### What you have to do
Could each record be restated word for word?

### Data for this exercise

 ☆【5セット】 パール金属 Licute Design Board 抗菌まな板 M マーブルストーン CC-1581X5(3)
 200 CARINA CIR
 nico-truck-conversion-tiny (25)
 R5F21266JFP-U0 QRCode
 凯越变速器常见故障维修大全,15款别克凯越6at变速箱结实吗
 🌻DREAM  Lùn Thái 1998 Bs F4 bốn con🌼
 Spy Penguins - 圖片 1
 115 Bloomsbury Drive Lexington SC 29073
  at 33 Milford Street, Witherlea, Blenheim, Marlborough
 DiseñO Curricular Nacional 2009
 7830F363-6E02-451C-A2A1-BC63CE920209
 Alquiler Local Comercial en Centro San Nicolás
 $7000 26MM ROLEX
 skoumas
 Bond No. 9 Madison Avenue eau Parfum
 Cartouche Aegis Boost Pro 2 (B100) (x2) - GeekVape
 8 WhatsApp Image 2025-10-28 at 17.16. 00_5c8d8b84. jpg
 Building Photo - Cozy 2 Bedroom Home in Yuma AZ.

### Reply
 ☆【5セット】 パール金属 Licute Design Board 抗菌まな板 M マーブルストーン CC-1581X5(3)
 200 CARINA CIR
 nico-truck-conversion-tiny (25)
 R5F21266JFP-U0 QRCode
 凯越变速器常见故障维修大全,15款别克凯越6at变速箱结实吗
 🌻DREAM  Lùn Thái 1998 Bs F4 bốn con🌼
 Spy Penguins - 圖片 1
 115 Bloomsbury Drive Lexington SC 29073
  at 33 Milford Street, Witherlea, Blenheim, Marlborough
 DiseñO Curricular Nacional 2009
 7830F363-6E02-451C-A2A1-BC63CE920209
 Alquiler Local Comercial en Centro San Nicolás
 $7000 26MM ROLEX
 skoumas
 Bond No. 9 Madison Avenue eau Parfum
 Cartouche Aegis Boost Pro 2 (B100) (x2) - GeekVape
 8 WhatsApp Image 2025-10-28 at 17.16. 00_5c8d8b84. jpg
 Building Photo - Cozy 2 Bedroom Home in Yuma AZ.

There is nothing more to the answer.